Though his hands told him the object was still a sphere, his eyes beheld cubes, rectangles, and cylinders, as though these protean forms sought to replace the device’s original shape. Was it some kind of trick, a neat illusion...or was it something else entirely?
Just as he was about to replace the sphere on the dresser, it emitted a deep bass note, like the sound of a distant foghorn. At the threshold of hearing, it grew in volume and resonance until he felt it in his bones. Dust bounced on the floor, and Finn’s ears popped as the air itself began vibrating. Glass shimmied in the window. He felt an electric tingle in his t
eeth, like biting on a copper penny, and his eyes watered worse than when he peeled onions for one of Jimmy’s stews.

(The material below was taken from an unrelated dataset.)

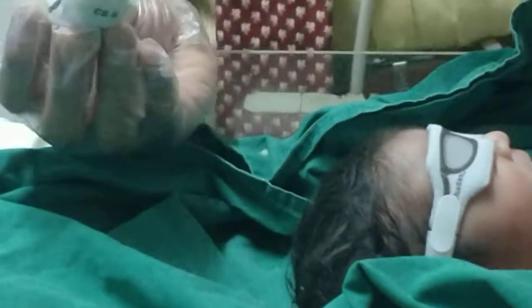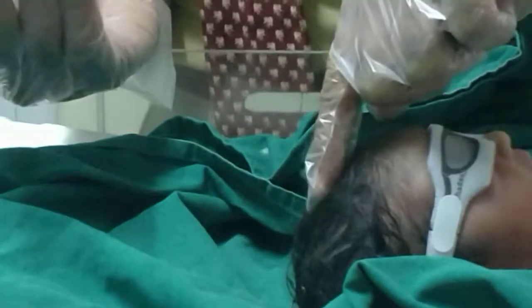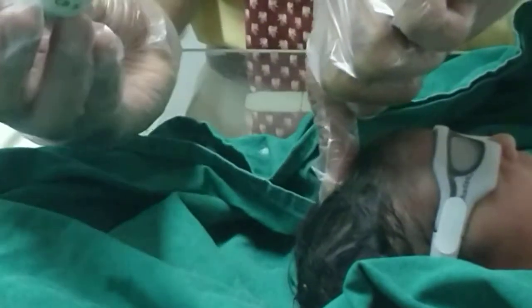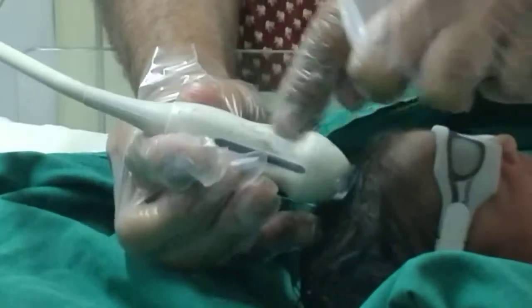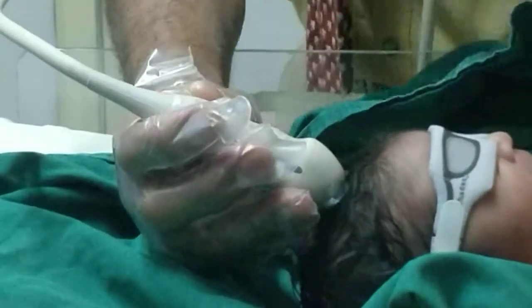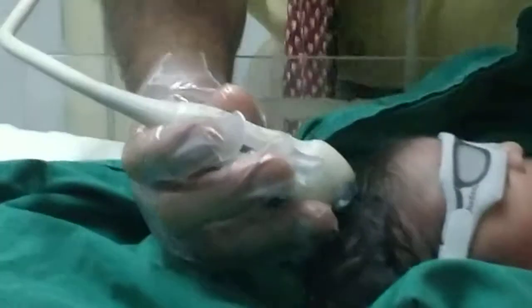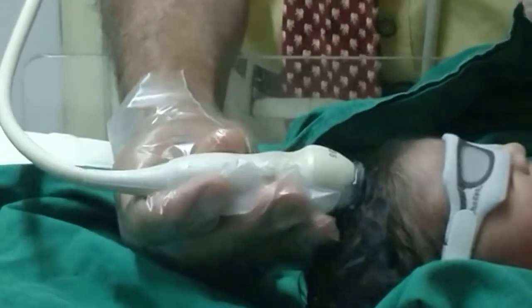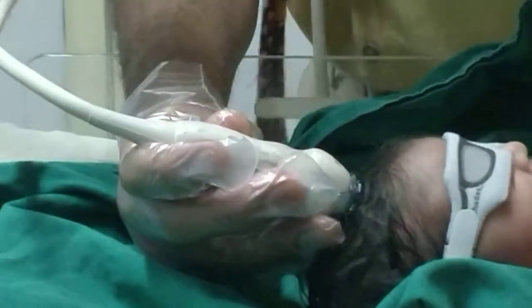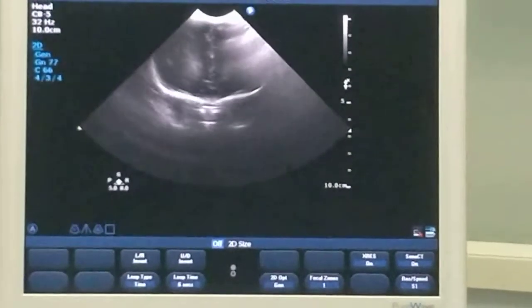There are two important views we look at. One is the coronal view. Here, this is the anterior fontanel, and I am using this anterior fontanel to accommodate the transducer. This is the curvilinear transducer with the marker facing to the right. In the coronal view, to get the images, I have to scan from anterior to posterior. This is the anterior-most portion of the brain.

“What the hell?” he said, the vibration growing from the sphere.
He blinked through his tears as the room shifted. The far wall seemed to stretch away from him as the floor and ceiling twisted in ways they couldn’t possibly move. A nauseous sensation of vertigo seized Finn and he dropped to his knees, the sphere falling from his grip and thudding to the threadbare carpet.
It rolled toward the door, the floor seeming to tilt crazily and the walls bulging and sagging like taffy. The sphere rolled on, and Finn lunged for it, hoping that Lady Luck would take a shine to him for once. It seemed she did, for no sooner had he laid his clammy palm upon it, than the dreadful vibrations ceased and the sphere became silent once more. The room regained its normal dimensions and the crazy, electric sensation dissipated like the heat after a really good storm. Finn took a deep breath, his hangover forgotten in the wake of so horrifying a sensation. He rolled onto his back, clutching the strange silver orb to his chest.
Its impossible weight pressed down on him, its nature utterly beyond his understanding.
“Okay,” he said. “This is way outta my league. I’m gonna need some help with this thing.”
* * *
Rita and Amanda strolled through the campus grounds, books clutched close to their chests and coats draped over the books. The day was unseasonably warm, and they had bought their lunch from the university refectory to eat in the small park around the bell tower. Neither was inclined to venture too far from Dorothy Upman Hall, and with no classes until later in the afternoon, the opportunity to enjoy some time in the sun was too good to miss.